Epson Inkjet Printer Management
by
Joydeep Bakshi
12-DEC-2005

Copyright and License

Copyright©2005-2007 by Joydeep Bakshi. This material may be distributed only subject to the terms and conditions set forth in the Open Content License, v1.0 or later (the latest version is presently available at opencontent.org ).


Credits

All credits of designing the softwares mentioned in this document go to the respective author/s of the particular software.


Disclaimer

I don't guarantee the accuracy of anything that follows, so use this guide at your own risk. In other words, if by following this guide you trash your computer, don't blame me.


Easy Epson Inkjet Printer Management

Now a days we can have a lots of tools for auto detecting and configuring printers under Linux. "printconf" is such a strong tool which can auto detect and configure even USB printers with out any problem (Definitely it should have the specific printer driver in its database). But to make a printer working is not everything, we also need tools for managing the printers.

There are two superb tools which make the Management of Epson inkjet Printers under Linux, just like a child's play.


escputil

escputil by Robert Krawitz is a command line tool. escputil is also the backend of Printer Manager under KDE for Epson inkjet printers. escputil comes with a number of useful options.
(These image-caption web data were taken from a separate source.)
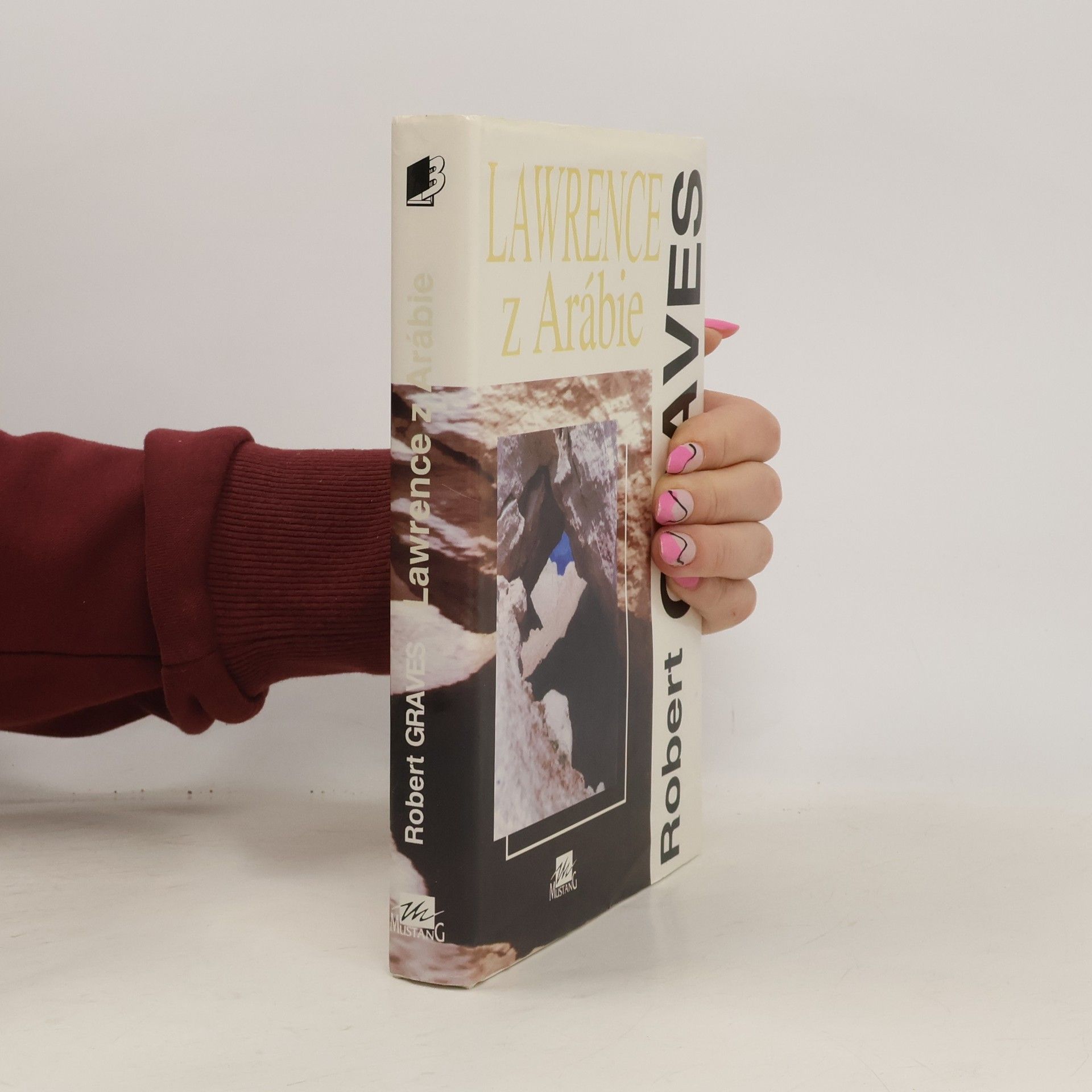 Robert von Ranke-Graves Lawrence z Arábie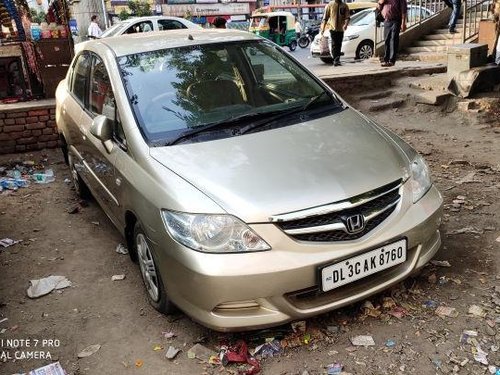 Used Honda City ZX GXi MT car at low price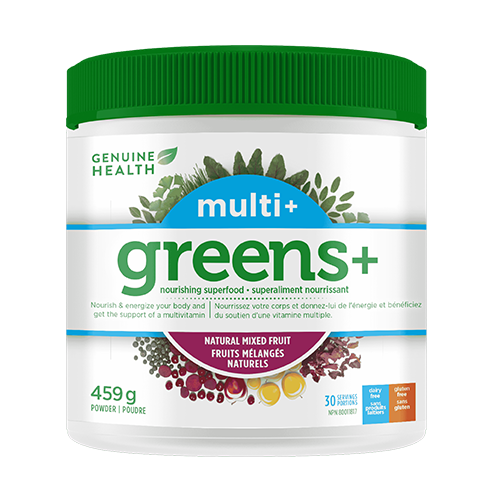 Thumbnail of Genuine Health - Greens+ Multi+ Natural Mixed Fruit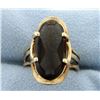 Image 1 : Smoky Quartz 14k Large Ring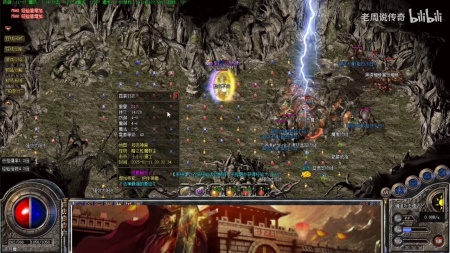 热血传奇开区列表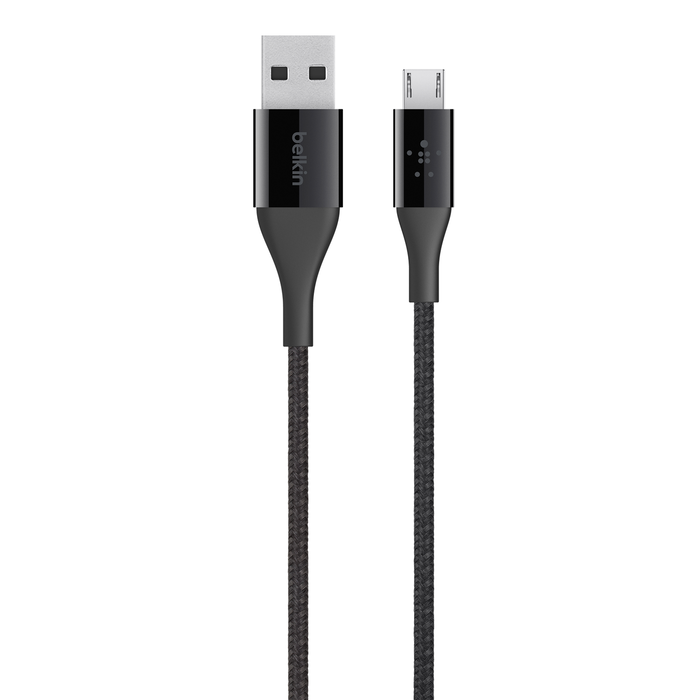 Mixit DuraTek™ Micro-USB to USB Cable, Black, hi-res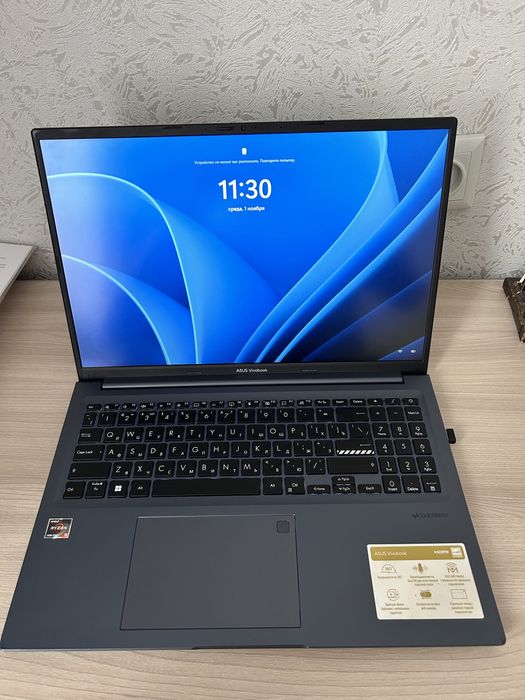 Ноутбук Asus Vivobook 16x синий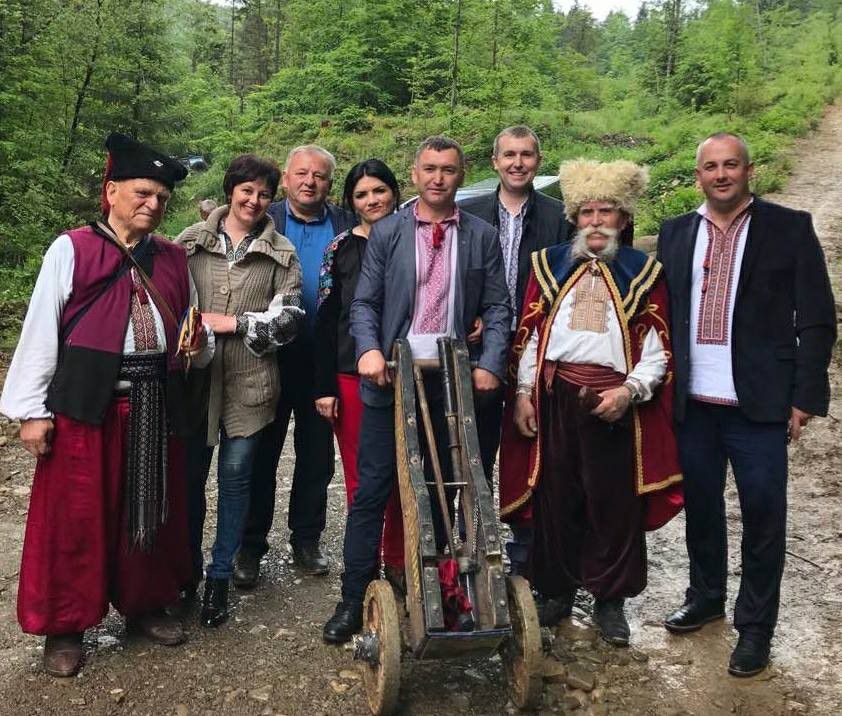 На Прикарпатті відкрили відновлену криївку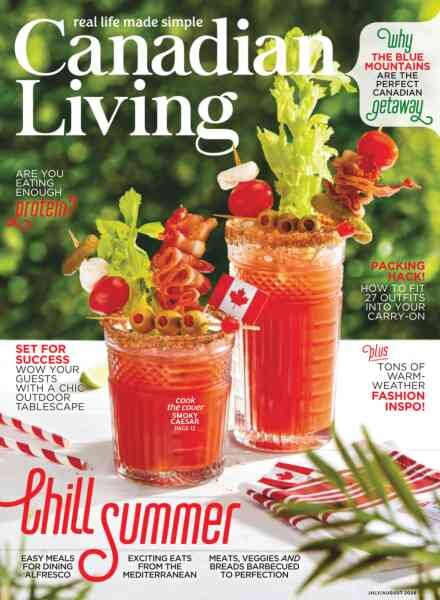 Canadian Living – July-August 2026 Cover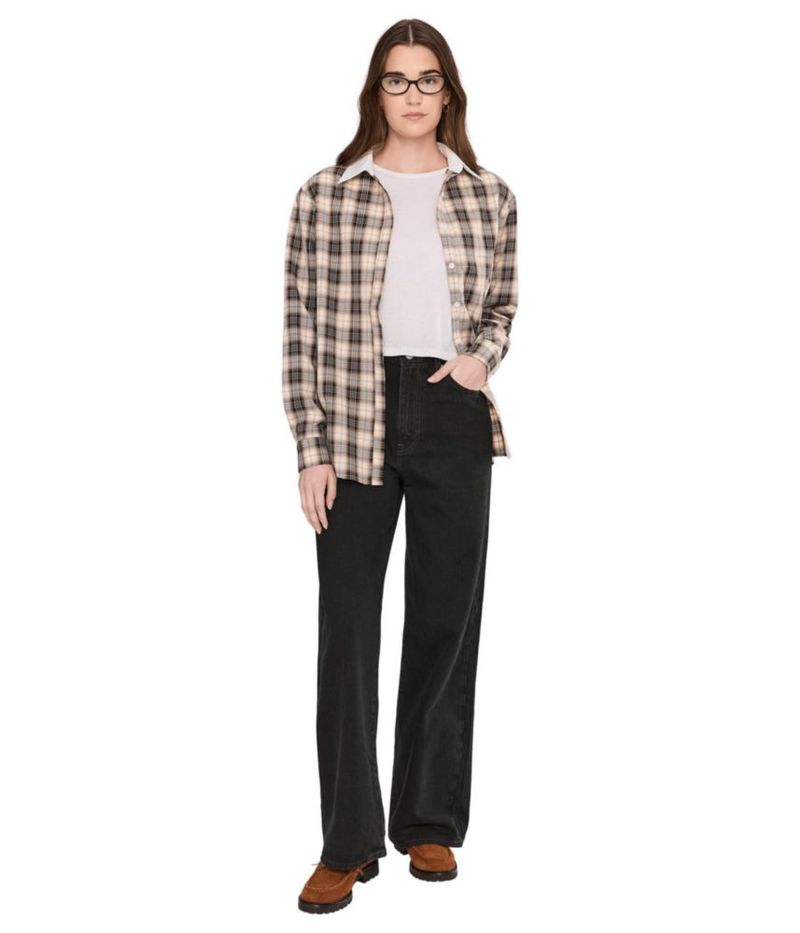 Jeans Levi's Ribcage Pierna Ancha 24/32 Rosie Posie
I have Epson Stylus C20SX connected at /dev/lp0 under my Linux box..

"escputil -M" shows the Epson models it can supports

"escputil -i -r /dev/lp0" checks the ink level. It returns its out put as below

Ink color   Percent remaining

Black         99
Cyan          94
Magenta   94
Yellow       94

-r means raw device. Here it is /dev/lp0 which is the device node for my printer

"escputil -c" cleans printer head

"escputil -n" runs nozzle check program


Note one important point that whenever you have to use raw-device option (-r), you have to have read/write permission on /dev/lp0. In my debian box there is already a group called lp which consists of /dev/lp0. So I have just added my account to the group "lp" and have no problem to use  -r  related option.


As you know your printer model, you can align the printer head by
"escputil -a -m <model-name>" like for my Epson Stylus C20SX, I use

"escputil -a -m C20sx"

You can execute this command from any account. But if you want escputil to detect your printer to get the model automatically, you have to use

"escputil -a -r /dev/lp0"

Hence the account from where you will execute the command has to be root or the account should be a member of a group which allow the read/write permission on printer device node.

In both the cases after getting the printer model, escputil instructs step by step about what to do to align the printer head. You have to give your choice only.


ttink and mtink

Jean-Jacques Sarton has designed ttink to manage Epson inkjet printers. mtink is the GUI of ttink from the same author.

"ttink -l" shows all the Epson models it support

The command line should be "ttink[mandatory][optional] [only one action] [misc]"

"-d <device_name>" comes under the mandatory section. Only one action can be executed at a time. You can define the printer model in optional section as "-m <model_name>" to avoid the autodetection all the time. Adding "-D" in optional section insists on using D4 protocol always. "-L" can be added in the misc section to debug output for D4 protocol.